Financial Advisor (November 8, 2021) - Groups representing investor attorneys are throwing their support behind a proposal rule that would allow state securities regulators to expel or suspend financial professionals and their firms who don’t pay arbitration awards to the investors they defrauded.

The proposed rule from the North American Securities Regulators Association (NASAA) would give regulators the authority to punish and even take the license of any financial professional or firm that has unpaid arbitration awards or regulatory fines.

Both the Public Investors Advocate Bar Association (PIABA) and the St. John’s University School of Law Securities Arbitration Clinic wrote comment letters supporting the first-of-its-kind proposal, which NASAA President Melanie Senter Lubin said at a press conference last week the organization plans to pass by membership vote by the end of the year.

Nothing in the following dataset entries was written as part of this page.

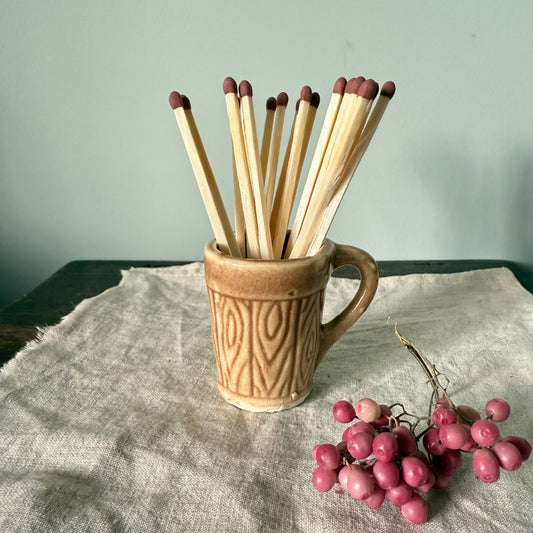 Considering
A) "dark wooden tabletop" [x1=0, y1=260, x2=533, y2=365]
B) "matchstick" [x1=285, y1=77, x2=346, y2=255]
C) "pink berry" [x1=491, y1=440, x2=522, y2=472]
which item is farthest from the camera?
"dark wooden tabletop" [x1=0, y1=260, x2=533, y2=365]

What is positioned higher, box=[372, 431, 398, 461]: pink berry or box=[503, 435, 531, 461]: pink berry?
box=[372, 431, 398, 461]: pink berry

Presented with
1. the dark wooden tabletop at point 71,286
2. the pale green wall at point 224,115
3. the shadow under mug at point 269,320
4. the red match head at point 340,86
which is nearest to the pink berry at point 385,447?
the shadow under mug at point 269,320

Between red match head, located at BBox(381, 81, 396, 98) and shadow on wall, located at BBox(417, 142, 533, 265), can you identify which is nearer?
red match head, located at BBox(381, 81, 396, 98)

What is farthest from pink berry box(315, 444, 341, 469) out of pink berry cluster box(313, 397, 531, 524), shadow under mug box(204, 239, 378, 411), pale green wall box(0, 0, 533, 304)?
pale green wall box(0, 0, 533, 304)

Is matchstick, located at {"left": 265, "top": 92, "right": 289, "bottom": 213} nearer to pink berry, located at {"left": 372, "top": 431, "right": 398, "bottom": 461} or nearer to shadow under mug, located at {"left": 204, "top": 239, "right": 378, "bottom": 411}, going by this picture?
shadow under mug, located at {"left": 204, "top": 239, "right": 378, "bottom": 411}

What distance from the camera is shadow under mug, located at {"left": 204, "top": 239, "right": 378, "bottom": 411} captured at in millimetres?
372

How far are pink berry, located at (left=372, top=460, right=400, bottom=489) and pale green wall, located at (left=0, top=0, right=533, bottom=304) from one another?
52cm

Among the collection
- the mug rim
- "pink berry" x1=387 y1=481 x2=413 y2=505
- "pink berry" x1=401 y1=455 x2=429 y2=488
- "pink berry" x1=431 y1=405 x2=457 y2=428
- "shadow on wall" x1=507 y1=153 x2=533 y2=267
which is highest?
the mug rim

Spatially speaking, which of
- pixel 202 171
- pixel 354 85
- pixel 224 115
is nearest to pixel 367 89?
pixel 354 85

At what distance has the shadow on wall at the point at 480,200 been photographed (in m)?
0.73

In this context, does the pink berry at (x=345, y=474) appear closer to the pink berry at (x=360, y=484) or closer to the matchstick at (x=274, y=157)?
the pink berry at (x=360, y=484)

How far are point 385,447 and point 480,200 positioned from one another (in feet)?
1.84

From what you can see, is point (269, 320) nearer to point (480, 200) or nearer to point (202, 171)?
point (202, 171)

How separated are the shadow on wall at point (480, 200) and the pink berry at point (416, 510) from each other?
0.54m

Nearly one out of four dollars awarded to investors in 2020 went unpaid, even as many brokerage firms’ profits grew to record levels, according to a report by the PIABA.

“In 2019 alone, over $19 million of awards went unpaid. This represents nearly 20% of all monetary damages awarded that year,” said Christine Lazaro, St. John’s clinic director and professor of clinical legal education.

The clinic agrees that the proposal is “significant because they create clear repercussions for investment advisors who have not paid arbitration awards” and would prevent bad actors from simply moving to the advisor world to escape enforcement, Lazaro said.

Since the Financial Industry Regulatory Authority does not have authority over advisors "states must have clear authority to discipline investment advisors who do not comply with arbitration awards,” she added.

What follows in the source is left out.